**Material provided:**
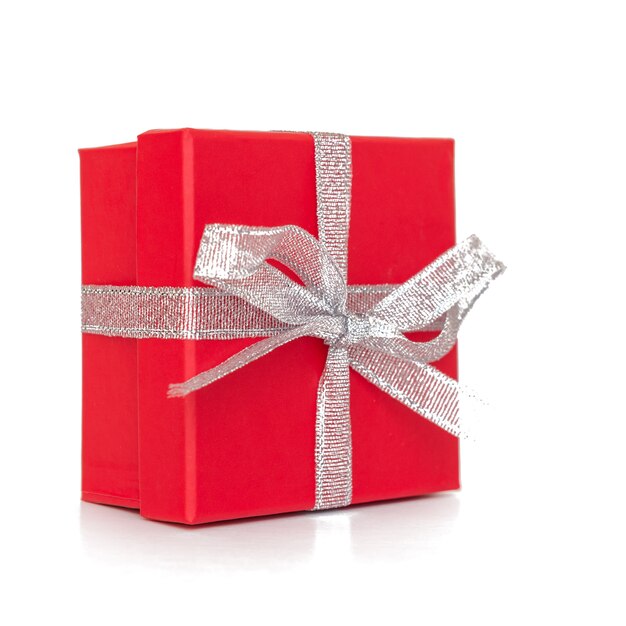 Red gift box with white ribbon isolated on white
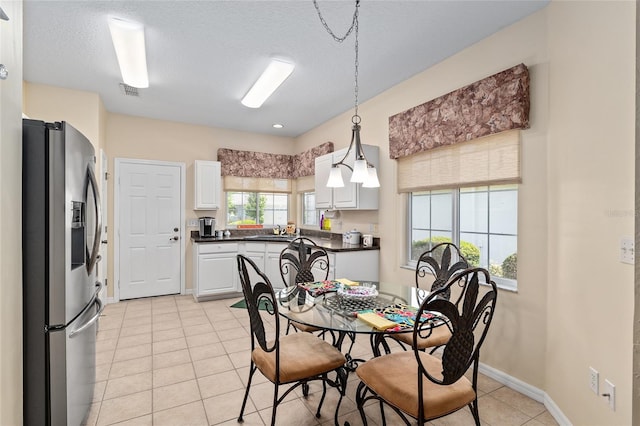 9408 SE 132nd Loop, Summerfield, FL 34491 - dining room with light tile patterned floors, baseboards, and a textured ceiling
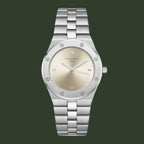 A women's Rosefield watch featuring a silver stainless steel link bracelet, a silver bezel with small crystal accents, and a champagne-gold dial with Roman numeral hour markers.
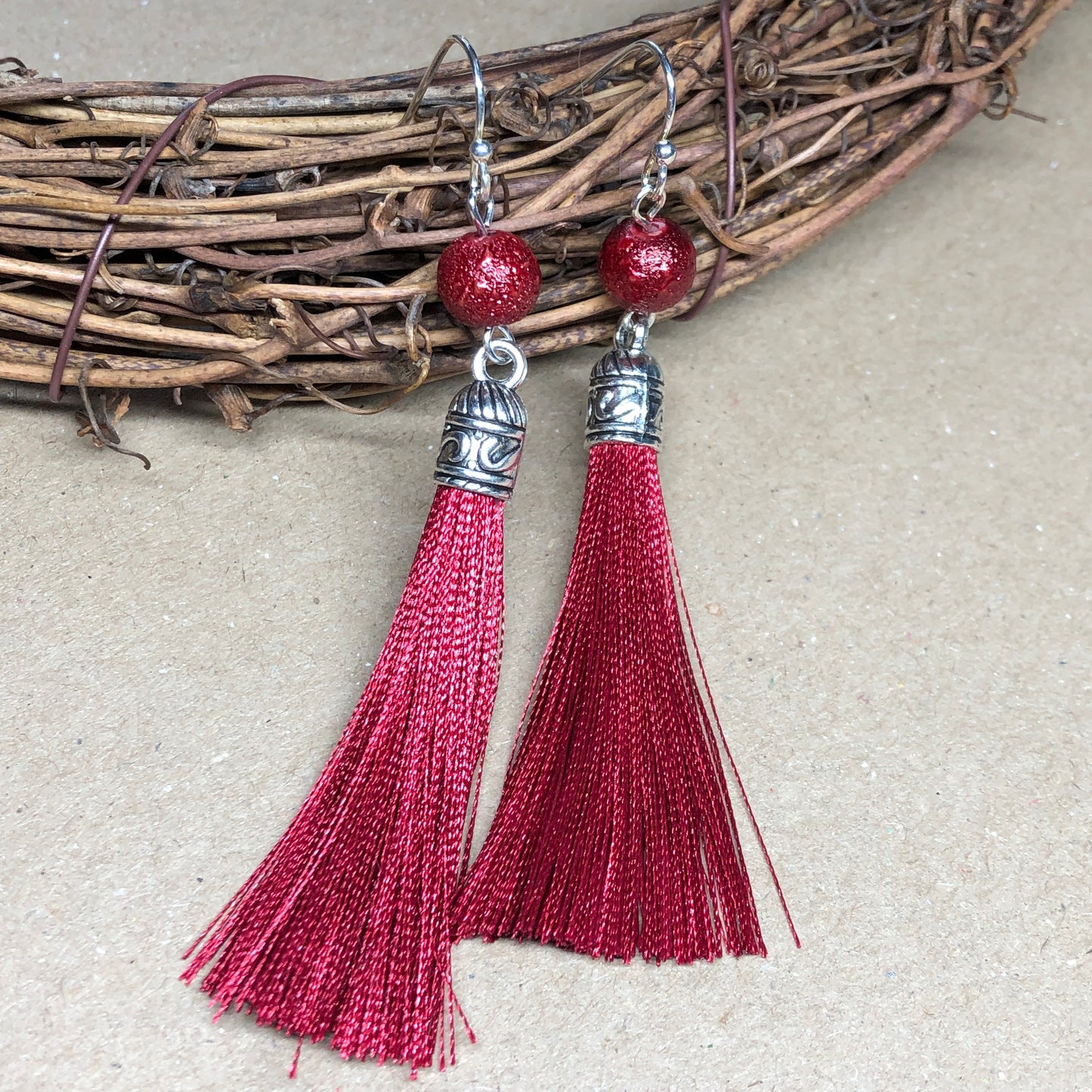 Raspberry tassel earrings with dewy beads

**Work required:** Give back the material word for word, leaving out its pictures.

**Exercise solution:**
 Red gift box with white ribbon isolated on white
 9408 SE 132nd Loop, Summerfield, FL 34491 - dining room with light tile patterned floors, baseboards, and a textured ceiling
 A women's Rosefield watch featuring a silver stainless steel link bracelet, a silver bezel with small crystal accents, and a champagne-gold dial with Roman numeral hour markers.
 Raspberry tassel earrings with dewy beads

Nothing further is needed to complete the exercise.